* _About this task_
Your output should be the complete listing, word for word, with no pictures in it.

* _Supplied data_
_ _ _ _ _ _ _
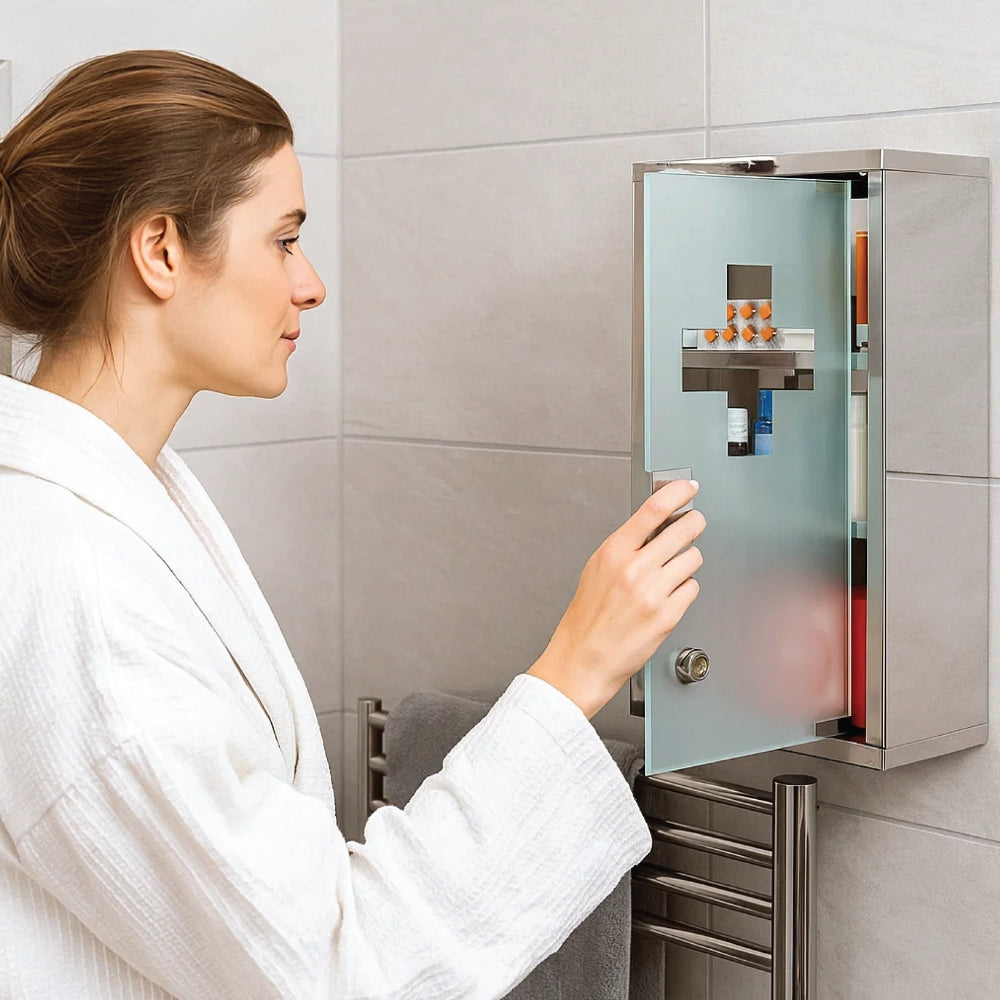 Wall Mounted Medicine Cabinet – Frosted Glass with 3 Shelves Pill Cabinet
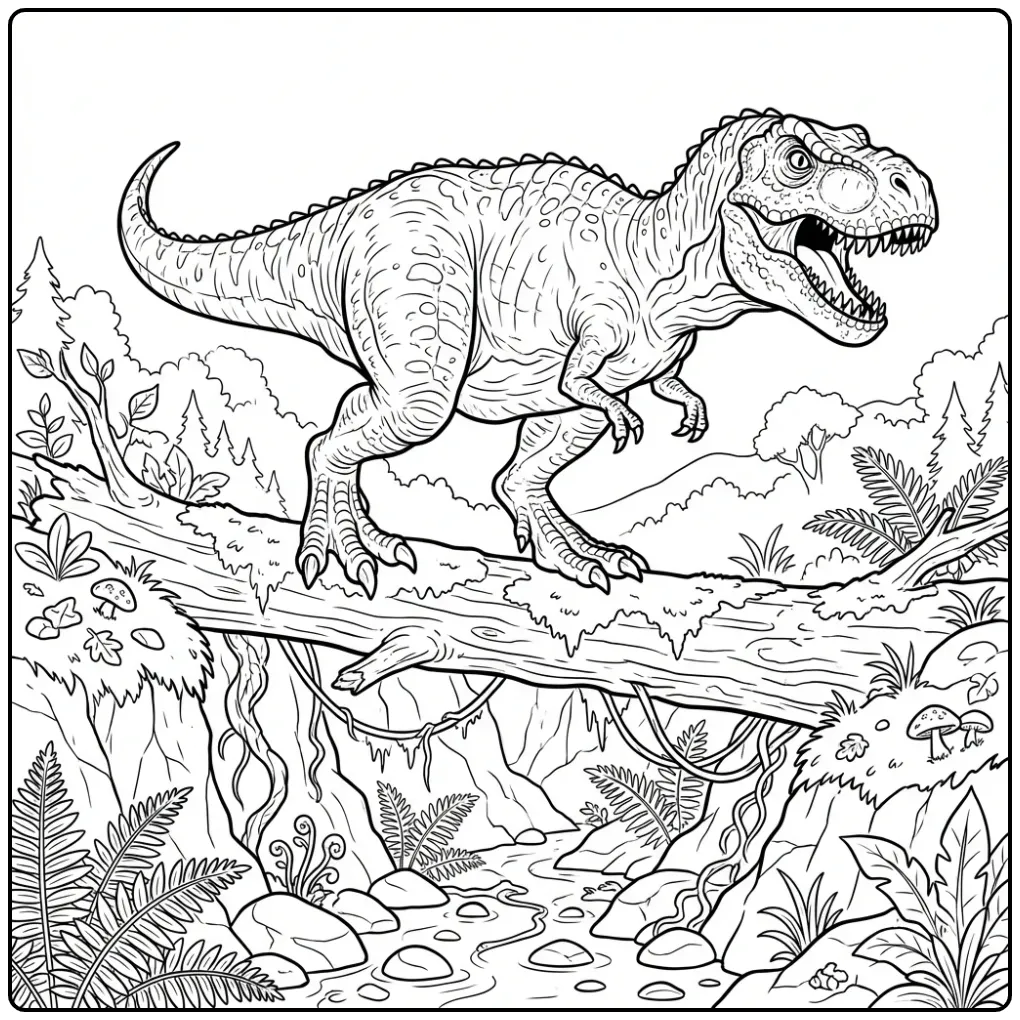 Avontuurlijke T rex kleurplaat op een boomstam.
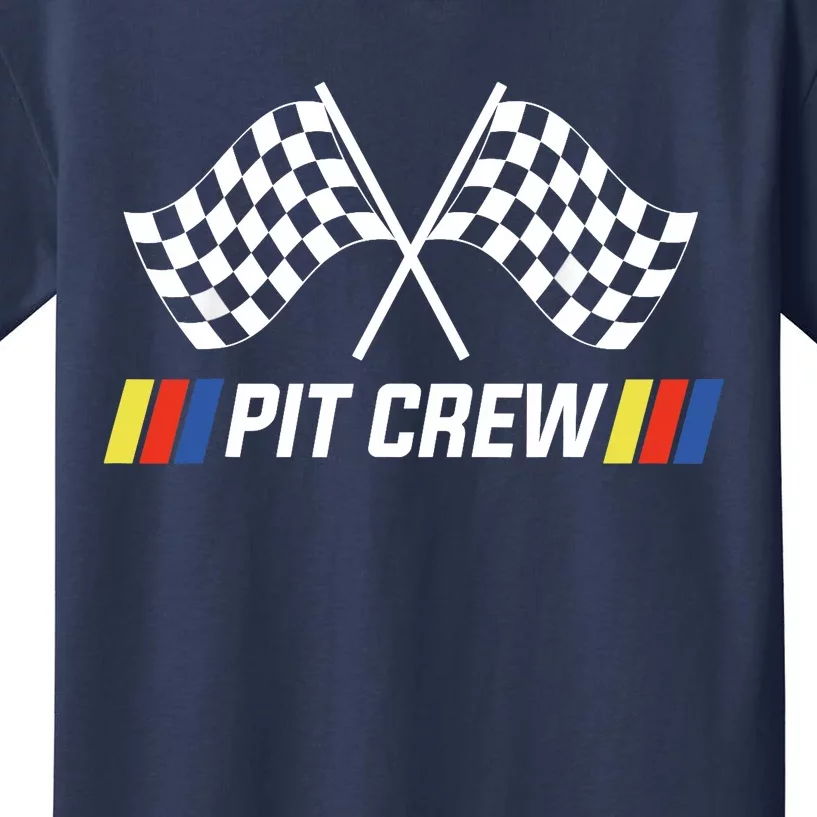 Pit Crew Race Car Parties Parents Pit Racing Drag Dress Kids T-Shirt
_ _ _ _ _ _ _
* _Exercise output_
 Wall Mounted Medicine Cabinet – Frosted Glass with 3 Shelves Pill Cabinet
 Avontuurlijke T rex kleurplaat op een boomstam.
 Pit Crew Race Car Parties Parents Pit Racing Drag Dress Kids T-Shirt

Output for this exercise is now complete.